Thoughtfactory: pictures experiments journeys

brief working notes on various photographic projects

low light photography

The 3  pictures in this post  were made whilst  I was on my way to make some supplementary photos for the upcoming Walking /Photography exhibition  at Encounters Gallery for the SALA Festival in South Australia. The Festival starts  in August, 2020.  
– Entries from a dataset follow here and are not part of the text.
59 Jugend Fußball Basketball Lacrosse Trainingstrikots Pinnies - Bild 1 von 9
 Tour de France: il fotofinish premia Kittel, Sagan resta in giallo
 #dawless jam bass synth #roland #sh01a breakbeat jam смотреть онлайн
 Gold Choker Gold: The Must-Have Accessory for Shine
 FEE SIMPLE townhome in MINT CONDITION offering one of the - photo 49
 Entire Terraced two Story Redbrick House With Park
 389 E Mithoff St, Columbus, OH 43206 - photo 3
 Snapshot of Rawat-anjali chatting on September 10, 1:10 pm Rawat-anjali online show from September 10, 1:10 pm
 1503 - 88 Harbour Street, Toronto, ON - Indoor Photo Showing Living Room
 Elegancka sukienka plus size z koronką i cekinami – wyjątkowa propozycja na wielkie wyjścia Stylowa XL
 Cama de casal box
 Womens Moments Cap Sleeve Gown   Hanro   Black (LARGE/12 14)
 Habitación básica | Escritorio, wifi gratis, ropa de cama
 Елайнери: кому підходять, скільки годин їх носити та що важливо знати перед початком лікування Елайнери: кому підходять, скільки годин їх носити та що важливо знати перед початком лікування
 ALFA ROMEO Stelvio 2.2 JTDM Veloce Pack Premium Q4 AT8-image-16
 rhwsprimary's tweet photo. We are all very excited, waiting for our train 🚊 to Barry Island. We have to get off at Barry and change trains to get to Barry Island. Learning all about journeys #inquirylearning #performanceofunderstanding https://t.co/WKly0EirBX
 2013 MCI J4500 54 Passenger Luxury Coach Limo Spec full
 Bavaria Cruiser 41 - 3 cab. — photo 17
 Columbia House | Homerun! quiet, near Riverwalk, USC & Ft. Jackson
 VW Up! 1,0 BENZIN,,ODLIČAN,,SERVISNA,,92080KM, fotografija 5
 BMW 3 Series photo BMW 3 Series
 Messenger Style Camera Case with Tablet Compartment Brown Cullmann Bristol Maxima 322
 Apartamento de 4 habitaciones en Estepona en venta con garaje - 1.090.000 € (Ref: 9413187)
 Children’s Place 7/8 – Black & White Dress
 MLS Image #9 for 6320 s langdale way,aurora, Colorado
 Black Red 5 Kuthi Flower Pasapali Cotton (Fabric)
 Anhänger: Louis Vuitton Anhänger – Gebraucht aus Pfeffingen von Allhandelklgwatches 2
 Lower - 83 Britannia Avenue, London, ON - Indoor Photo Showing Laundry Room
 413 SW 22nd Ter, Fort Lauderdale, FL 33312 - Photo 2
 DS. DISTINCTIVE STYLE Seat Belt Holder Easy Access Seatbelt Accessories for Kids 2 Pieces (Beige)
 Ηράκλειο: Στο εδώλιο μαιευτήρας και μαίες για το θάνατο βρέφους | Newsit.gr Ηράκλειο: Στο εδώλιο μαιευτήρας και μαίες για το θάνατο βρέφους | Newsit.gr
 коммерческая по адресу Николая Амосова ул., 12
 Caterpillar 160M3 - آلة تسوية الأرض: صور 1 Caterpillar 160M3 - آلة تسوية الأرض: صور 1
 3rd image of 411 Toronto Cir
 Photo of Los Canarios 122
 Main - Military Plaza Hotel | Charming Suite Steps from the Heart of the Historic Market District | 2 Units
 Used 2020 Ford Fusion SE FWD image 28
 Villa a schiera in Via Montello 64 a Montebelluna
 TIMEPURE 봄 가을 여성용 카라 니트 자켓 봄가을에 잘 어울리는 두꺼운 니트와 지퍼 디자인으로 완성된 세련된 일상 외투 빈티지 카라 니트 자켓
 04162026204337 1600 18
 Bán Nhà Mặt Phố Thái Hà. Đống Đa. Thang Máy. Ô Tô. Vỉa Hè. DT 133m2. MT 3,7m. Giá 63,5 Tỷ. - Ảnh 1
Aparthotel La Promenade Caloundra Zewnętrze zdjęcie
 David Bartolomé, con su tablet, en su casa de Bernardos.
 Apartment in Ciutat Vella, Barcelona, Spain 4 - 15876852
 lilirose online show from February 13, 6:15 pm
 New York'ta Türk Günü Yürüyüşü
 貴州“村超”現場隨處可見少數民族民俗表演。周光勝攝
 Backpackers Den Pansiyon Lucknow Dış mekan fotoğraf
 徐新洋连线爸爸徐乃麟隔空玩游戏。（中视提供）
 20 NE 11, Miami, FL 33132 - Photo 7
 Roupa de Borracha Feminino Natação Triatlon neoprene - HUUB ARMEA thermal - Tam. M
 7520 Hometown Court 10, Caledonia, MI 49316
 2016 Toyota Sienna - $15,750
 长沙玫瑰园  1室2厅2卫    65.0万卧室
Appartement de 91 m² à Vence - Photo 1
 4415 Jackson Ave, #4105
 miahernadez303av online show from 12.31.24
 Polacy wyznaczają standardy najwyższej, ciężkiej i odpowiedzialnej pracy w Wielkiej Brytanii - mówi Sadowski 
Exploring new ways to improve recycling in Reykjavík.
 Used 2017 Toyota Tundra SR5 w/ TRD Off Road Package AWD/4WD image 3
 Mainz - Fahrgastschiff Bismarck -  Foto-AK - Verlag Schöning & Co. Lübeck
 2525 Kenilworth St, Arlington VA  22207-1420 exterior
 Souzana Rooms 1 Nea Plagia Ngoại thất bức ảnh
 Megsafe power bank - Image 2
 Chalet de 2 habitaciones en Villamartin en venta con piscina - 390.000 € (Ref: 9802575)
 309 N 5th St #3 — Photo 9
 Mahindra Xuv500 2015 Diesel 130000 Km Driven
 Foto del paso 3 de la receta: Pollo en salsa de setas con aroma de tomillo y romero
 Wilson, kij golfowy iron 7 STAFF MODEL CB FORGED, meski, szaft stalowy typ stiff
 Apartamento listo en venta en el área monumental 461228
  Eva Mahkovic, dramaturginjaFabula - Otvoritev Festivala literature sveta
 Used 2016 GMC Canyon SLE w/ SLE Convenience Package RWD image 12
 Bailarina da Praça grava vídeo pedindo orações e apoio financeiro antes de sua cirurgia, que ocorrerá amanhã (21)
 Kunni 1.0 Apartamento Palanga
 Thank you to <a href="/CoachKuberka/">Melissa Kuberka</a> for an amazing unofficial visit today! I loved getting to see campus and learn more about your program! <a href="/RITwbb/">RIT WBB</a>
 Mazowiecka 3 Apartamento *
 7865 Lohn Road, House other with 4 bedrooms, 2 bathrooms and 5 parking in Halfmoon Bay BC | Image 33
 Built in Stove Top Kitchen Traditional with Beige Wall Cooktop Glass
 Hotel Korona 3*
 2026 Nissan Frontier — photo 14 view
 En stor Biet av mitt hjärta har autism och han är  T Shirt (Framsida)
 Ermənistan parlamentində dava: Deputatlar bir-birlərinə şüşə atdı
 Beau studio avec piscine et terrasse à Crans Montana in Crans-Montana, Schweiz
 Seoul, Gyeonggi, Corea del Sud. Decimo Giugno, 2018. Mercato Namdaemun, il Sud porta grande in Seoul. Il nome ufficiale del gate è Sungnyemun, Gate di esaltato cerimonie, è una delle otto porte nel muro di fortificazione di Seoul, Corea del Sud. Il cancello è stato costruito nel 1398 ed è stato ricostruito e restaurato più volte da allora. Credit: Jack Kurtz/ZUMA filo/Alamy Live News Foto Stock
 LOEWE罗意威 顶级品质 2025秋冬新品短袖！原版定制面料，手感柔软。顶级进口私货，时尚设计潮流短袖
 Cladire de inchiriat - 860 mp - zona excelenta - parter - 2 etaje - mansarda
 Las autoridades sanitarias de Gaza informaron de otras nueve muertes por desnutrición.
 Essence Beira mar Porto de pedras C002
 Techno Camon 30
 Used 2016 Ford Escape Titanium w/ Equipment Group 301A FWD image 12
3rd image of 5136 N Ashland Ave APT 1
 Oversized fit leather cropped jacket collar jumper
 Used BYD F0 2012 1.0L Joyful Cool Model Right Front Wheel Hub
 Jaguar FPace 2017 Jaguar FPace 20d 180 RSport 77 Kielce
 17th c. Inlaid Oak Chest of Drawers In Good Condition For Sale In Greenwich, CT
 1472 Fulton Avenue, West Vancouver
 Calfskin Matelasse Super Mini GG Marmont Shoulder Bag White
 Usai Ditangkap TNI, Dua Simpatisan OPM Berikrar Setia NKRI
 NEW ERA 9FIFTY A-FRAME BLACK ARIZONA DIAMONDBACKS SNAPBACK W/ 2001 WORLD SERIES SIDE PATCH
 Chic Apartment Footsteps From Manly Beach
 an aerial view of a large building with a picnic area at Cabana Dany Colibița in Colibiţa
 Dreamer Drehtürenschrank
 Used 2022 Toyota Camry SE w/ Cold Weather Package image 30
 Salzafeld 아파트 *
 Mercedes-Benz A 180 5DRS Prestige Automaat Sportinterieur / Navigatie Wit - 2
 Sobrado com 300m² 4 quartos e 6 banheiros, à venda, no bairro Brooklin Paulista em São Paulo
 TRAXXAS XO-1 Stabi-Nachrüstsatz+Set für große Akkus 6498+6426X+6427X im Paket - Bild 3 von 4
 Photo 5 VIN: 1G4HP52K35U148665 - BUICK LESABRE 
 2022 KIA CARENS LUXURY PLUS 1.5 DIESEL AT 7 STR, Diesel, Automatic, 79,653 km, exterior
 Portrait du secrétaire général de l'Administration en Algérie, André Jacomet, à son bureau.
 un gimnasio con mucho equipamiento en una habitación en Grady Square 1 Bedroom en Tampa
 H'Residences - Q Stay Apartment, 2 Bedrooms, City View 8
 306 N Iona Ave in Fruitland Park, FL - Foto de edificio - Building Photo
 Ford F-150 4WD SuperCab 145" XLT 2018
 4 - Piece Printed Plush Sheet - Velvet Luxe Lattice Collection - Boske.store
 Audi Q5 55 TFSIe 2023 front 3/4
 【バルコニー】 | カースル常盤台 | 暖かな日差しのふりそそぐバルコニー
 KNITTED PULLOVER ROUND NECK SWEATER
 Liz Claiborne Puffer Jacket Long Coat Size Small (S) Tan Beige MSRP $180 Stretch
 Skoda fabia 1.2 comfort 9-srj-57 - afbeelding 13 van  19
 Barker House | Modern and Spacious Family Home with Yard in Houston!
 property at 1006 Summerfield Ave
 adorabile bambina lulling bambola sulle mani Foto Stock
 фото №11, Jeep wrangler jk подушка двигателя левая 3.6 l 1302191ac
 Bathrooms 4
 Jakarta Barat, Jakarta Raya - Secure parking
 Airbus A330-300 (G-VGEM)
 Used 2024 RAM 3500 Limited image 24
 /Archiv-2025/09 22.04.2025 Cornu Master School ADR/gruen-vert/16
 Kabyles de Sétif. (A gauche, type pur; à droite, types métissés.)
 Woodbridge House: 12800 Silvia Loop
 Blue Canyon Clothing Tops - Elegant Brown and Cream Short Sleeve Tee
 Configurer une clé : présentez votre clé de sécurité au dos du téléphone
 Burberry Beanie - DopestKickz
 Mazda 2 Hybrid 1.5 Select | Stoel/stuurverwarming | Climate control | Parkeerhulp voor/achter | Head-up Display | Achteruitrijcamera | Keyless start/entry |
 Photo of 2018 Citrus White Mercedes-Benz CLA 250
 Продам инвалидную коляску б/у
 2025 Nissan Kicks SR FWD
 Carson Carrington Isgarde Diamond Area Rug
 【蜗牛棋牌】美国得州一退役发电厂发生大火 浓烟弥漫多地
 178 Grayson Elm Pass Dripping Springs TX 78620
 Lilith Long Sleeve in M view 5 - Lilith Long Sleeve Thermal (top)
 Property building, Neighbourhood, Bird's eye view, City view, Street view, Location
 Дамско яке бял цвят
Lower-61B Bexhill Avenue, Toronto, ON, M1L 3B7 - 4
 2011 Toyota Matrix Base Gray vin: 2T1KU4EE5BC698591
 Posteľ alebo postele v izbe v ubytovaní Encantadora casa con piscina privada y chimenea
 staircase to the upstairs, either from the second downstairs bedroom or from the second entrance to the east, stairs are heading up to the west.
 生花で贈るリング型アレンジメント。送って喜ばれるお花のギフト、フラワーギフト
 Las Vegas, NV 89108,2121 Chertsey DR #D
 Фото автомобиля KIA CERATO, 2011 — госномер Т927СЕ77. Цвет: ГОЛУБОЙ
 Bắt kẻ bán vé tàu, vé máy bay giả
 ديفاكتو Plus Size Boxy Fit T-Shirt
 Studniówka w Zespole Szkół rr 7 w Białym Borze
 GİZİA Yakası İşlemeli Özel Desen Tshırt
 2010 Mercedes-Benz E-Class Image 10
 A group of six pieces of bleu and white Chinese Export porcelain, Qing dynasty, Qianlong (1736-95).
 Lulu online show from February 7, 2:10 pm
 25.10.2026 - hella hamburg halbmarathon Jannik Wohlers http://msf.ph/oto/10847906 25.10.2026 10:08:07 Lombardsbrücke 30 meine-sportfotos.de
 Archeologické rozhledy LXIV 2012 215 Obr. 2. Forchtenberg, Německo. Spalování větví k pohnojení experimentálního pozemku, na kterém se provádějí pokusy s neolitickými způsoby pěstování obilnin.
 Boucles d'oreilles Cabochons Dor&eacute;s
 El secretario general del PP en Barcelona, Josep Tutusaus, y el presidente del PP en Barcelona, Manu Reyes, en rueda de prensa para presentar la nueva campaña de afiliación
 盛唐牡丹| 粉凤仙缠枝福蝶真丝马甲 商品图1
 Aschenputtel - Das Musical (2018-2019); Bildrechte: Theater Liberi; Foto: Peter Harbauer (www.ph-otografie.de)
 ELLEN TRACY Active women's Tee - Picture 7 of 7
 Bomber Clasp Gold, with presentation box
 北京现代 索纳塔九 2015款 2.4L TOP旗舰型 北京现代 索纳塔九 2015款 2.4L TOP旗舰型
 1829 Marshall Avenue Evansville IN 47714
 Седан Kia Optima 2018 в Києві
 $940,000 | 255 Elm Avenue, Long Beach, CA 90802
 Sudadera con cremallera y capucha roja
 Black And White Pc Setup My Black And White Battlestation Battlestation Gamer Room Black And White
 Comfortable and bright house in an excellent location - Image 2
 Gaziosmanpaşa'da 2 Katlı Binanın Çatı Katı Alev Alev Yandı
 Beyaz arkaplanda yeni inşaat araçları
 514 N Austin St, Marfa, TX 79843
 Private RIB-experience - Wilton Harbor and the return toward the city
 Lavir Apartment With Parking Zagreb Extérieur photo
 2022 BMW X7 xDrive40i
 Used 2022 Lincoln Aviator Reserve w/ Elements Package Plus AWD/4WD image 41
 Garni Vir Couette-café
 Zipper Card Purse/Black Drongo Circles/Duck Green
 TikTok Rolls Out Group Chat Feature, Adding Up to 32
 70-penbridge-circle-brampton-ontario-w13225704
The pictures, which  were  made with the Sony A7 R111,   indicate that one  of the advantages of digital technology over the older film technology is digital's  low light capability.  The pictures were made 30 minutes before sunrise, which was at 7.23 am that morning.  The camera  was handheld with the 35mm Leica lens wide open.  This kind of low light photography would only be possible using film if the camera was on a tripod and the  exposure was long.  The latter is a studied style of photography,  not  the  spontaneous one in low light  made possible by digital technology.  I find this low light capability important  as I am often walking before sunrise. 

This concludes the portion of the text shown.